About this task =>
Please produce a character-exact copy of the listing that follows, omitting all images.

Data below =>
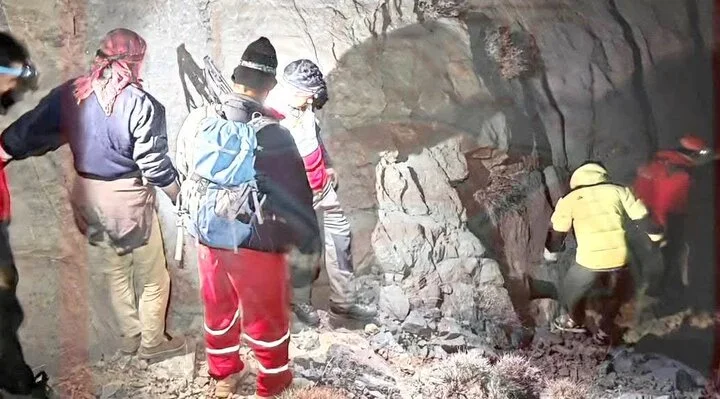 نجات معجزه‌آسا دو کوهنورد گرفتار در ارتفاعات پیر نارکی پس از ۲۶ ساعت تلاش نفس‌گیر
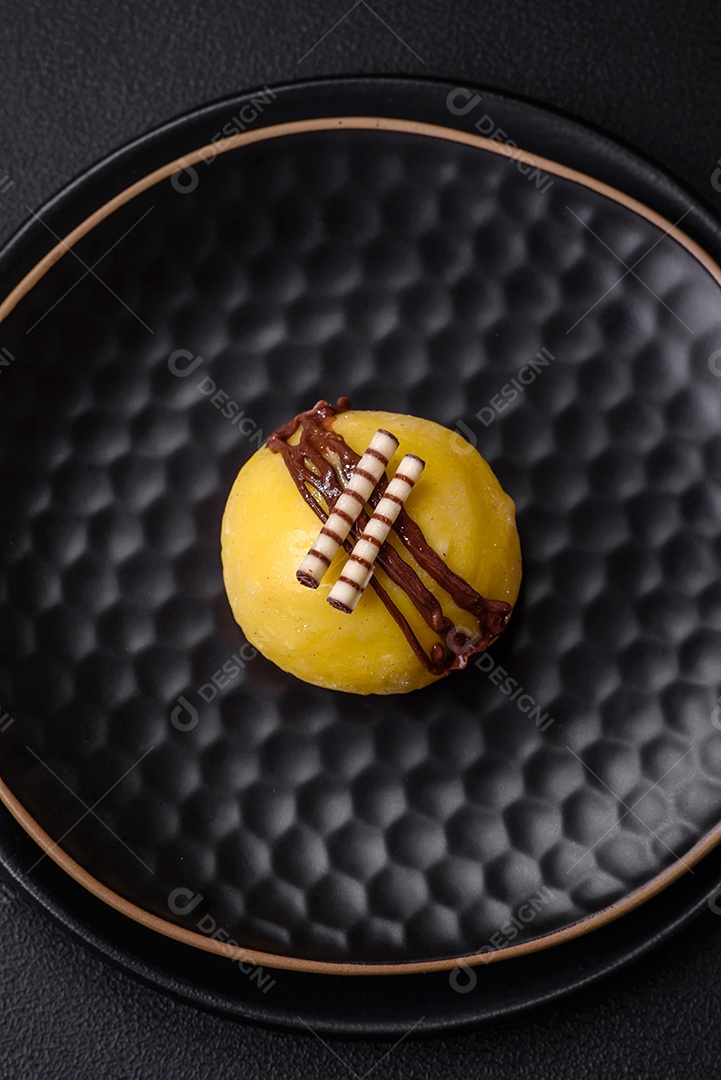 Deliciosas sobremesas mochi coloridas ou sorvete com massa de arroz e coberturas sobre um fundo escuro de concreto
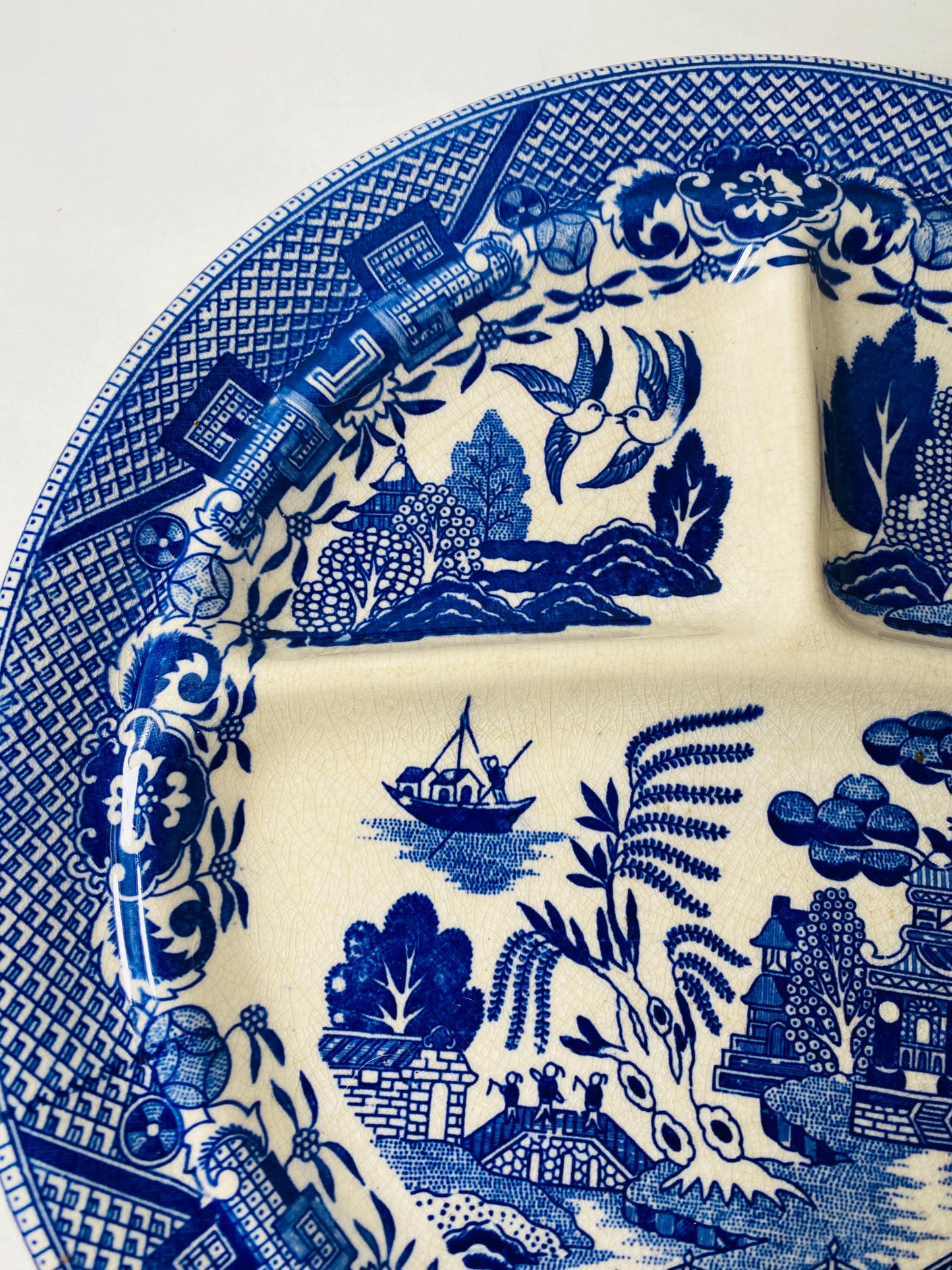 1930s Vintage Moriyama Blue Willow porcelain 10" divided plate Made in Japan grill partitioned cottage decor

Task output =>
 نجات معجزه‌آسا دو کوهنورد گرفتار در ارتفاعات پیر نارکی پس از ۲۶ ساعت تلاش نفس‌گیر
 Deliciosas sobremesas mochi coloridas ou sorvete com massa de arroz e coberturas sobre um fundo escuro de concreto
 1930s Vintage Moriyama Blue Willow porcelain 10" divided plate Made in Japan grill partitioned cottage decor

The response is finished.